What the task requires -
Repeat the listing that follows, character for character, minus the pictures.

Exercise data -
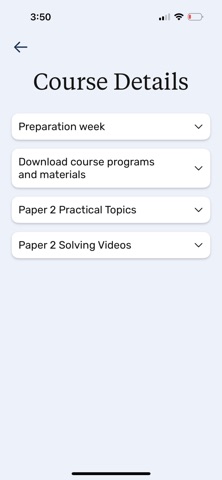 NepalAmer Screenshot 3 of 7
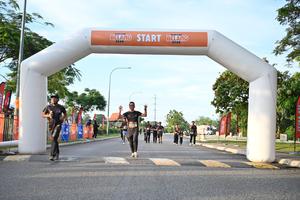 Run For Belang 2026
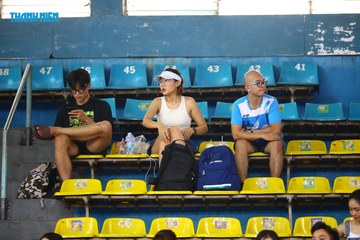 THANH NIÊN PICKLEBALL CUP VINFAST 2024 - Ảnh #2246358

Result -
 NepalAmer Screenshot 3 of 7
 Run For Belang 2026
 THANH NIÊN PICKLEBALL CUP VINFAST 2024 - Ảnh #2246358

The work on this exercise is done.